RICHMOND—The Virginia House of Delegates passed 828 bills in time for crossover, marking the middle of Virginia’s 2020 legislative session. Passed legislation encompasses major Democratic priorities such as enacting gun violence prevention reforms, restoring women’s reproductive healthcare rights, adding protections for the LGBTQ+ community, expanding voter rights, decriminalizing marijuana use, and repealing racially discriminatory language from the Commonwealth’s Acts of Assembly.
The House also passed the House and Senate resolutions to ratify the Equal Rights Amendment last month, completing the necessary ratification requirements as outlined in the U.S. Constitution.
Under Democratic leadership in 2020, the House has passed 37 percent more bills for consideration by the other chamber than it did in 2019. In comparison to this year’s 828 bills, the House passed 603 bills in 2019, 591 bills in 2018, 586 bills in 2017, and 583 bills in 2016 — all under Republican party control.
“We listened to Virginia and are moving together, forward ,” House Majority Leader Charniele Herring said. “Voters called for major change in the Commonwealth and we are delivering by passing practical, necessary legislation aimed at substantially improving the lives of Virginia residents.”
These legislative victories come after a historic election last November, which ushered in the first Democratic majority in the House of Delegates in over 20 years. Acting on a mandate from more than 2.9 million Virginian voters who voted blue, the House Democratic Caucus prioritized legislation that aided the majority of Virginians.
“Our legislation responds to the desire for change that has been sweeping through the Commonwealth,” House Democratic Caucus Chair Rip Sullivan said. “I am proud of the work that our caucus is doing to represent the will of the voters and move Virginia forward.”
Session milestones thus far include the following priorities:
- Passing common-sense gun safety legislation to address universal background checks, requirements to report lost and stolen firearms, granting localities authority to determine how firearms may be regulated, preventing child access to loaded firearms, establishing substantial risk protective orders, restoring a limit on the number of gun purchases a person may make per month, ensuring persons under a protective order do not possess a firearm, ending the sale of assault weapons and banning extended magazines.
- Ratifying the Equal Rights Amendment, making Virginia the 38th and final state needed to complete the ratification process.
- Increasing women’s reproductive healthcare access in the Commonwealth, by removing current requirements such as forcing women to undergo medically-unnecessary ultrasounds, waiting periods on abortion services, and biased counseling. It also repeals unnecessary restrictions on medical personnel and facilities, so that qualified advanced practice clinicians may perform abortions during early pregnancy, provided that it falls within the scope of practice. Abortion care providers may offer services to patients without the interference of targeted regulations imposed to limit such services.
- Expanding voting rights in Virginia, allowing Virginia voters to vote absentee, by mail or in person, for any reason by eliminating the need to provide an approved excuse. One measure would allow voters to essentially permanently enroll in a “vote by mail” program without having to fill out an absentee ballot request to vote by mail for each primary or general election. Another bill passed in the House would ensure that mail-in ballots postmarked on election day can be counted.
- Making significant gains in the fight against climate change, including HB 981, authorizing the Commonwealth to join RGGI, HB 1132, the Fair Energy Bills Act, HB 1664, to advance offshore wind development and HB 1526, the Virginia Clean Economy Act.

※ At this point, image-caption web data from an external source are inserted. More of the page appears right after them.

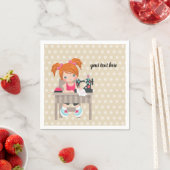 Serviette En Papier Fille à coudre (En situation)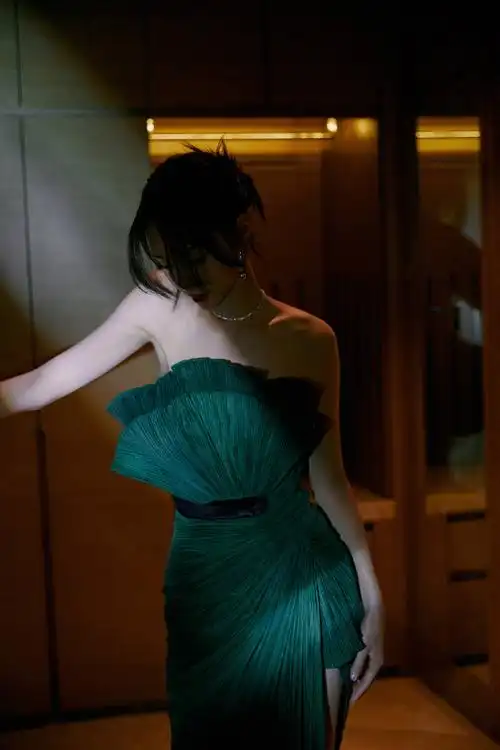 沈梦辰穿荷叶抹胸礼服 前凸后翘大秀曲线美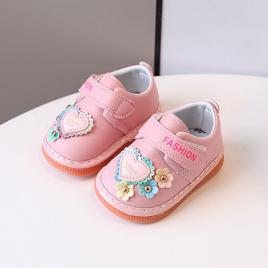 Pantofiori roz cu piuitoare - inimioara (marime disponibila: 3-6 luni (marimea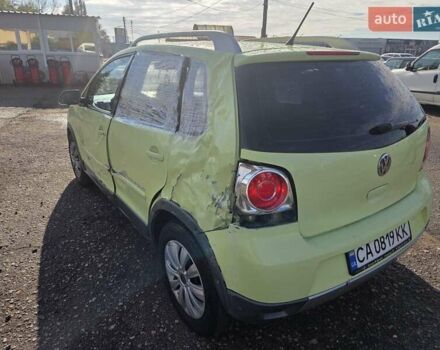 Желтый Фольксваген Поло, объемом двигателя 1.6 л и пробегом 124 тыс. км за 2990 $, фото 12 на Automoto.ua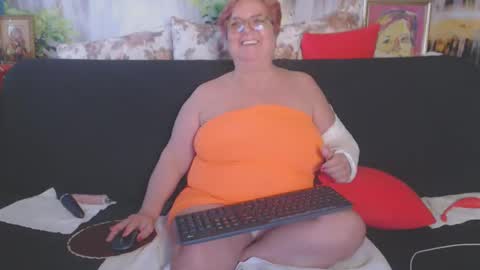 Snapshot of queenpammy chatting on March 10, 3:20 pm QueenPammy online show from March 10, 3:20 pm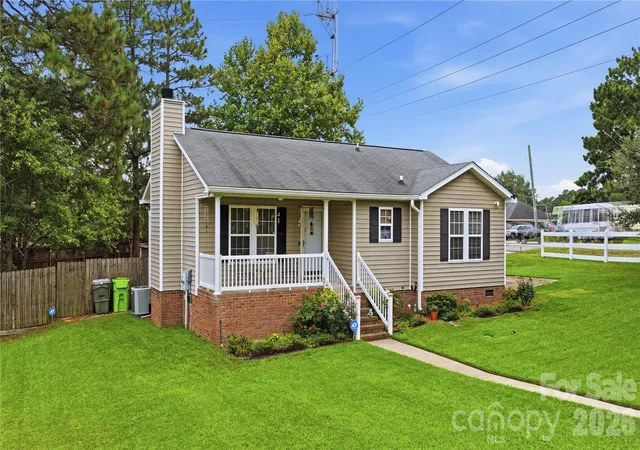 Photo 2 of Sale Pending at 100 N Donar Dr, Columbia, SC 29229 | MLS# 4420466 | Listing updated on 2026-09-15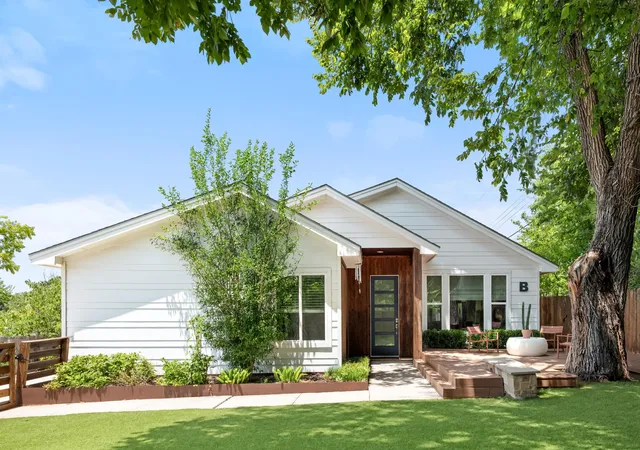 Photo 1 of Condo for sale at 1902 Webberville Rd #B, Austin, TX 78721 | MLS# 8251867 | Listing updated on 2026-09-06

- Tackling predatory short-term loan practices, by capping the interest and fees that may be charged for a short-term loan. These practices disproportionately affect minorities. If enacted, the bill would limit the interest rate lenders can charge on a payday or other consumer loan to 36% plus a capped monthly fee. It also increases the maximum amount of such loans from $500 to $2,500, sets the duration of such loans at a minimum of four months, and prohibits the collection of fees and charges that exceed half of the original loan amount.
- Establishing access to collective bargaining for public employees by repealing a 2013 law that prevented state and local employees from unionizing.

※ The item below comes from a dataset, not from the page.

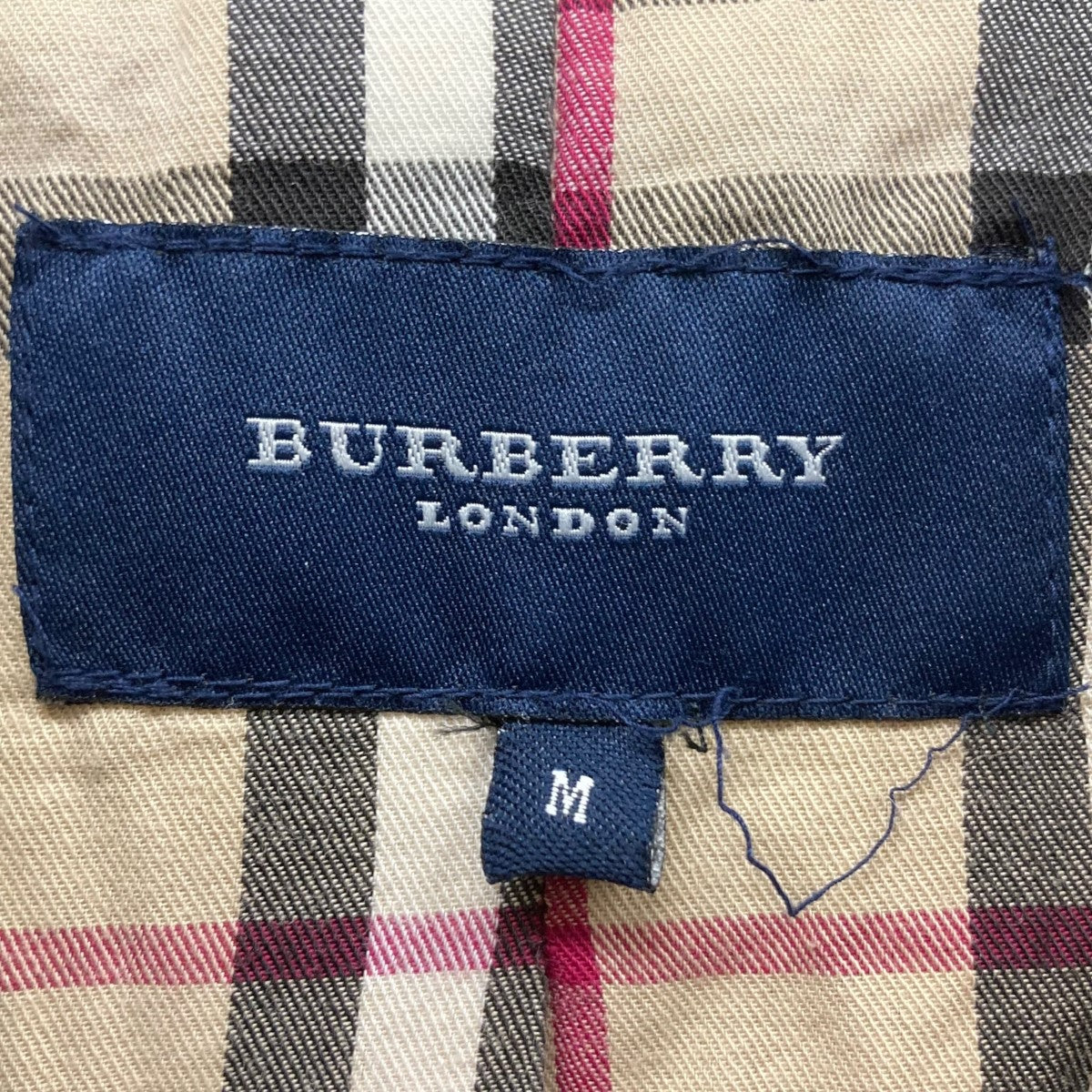 秋冬コート　BURBERRY LONDON ブラックコート ミッドレングス チェルシー ヘリテージ トレンチコート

- Widening discrimination protections to reduce systemic injustice by increasing legal protections against discrimination for Virginians. These bills create new safeguards for the LGBTQ+ community, veterans, pregnant mothers and women experiencing pregnancy-related medical issues, as well as more strongly enforce current protections on the basis of race, gender, religion, and age, among other groups that have historically experienced discrimination.
- Repealing racially discriminatory Acts of Assembly. The injustices in these old laws included de jure school segregation and housing discrimination, as well as restrictions on African Americans relating to public transportation, medical care, public documents, and public facilities.
- Removes the criminal penalty for simple marijuana possession, establishing a civil fine of $25. If enacted, Virginia would join 26 other states and the District of Columbia in decriminalizing the simple possession of marijuana.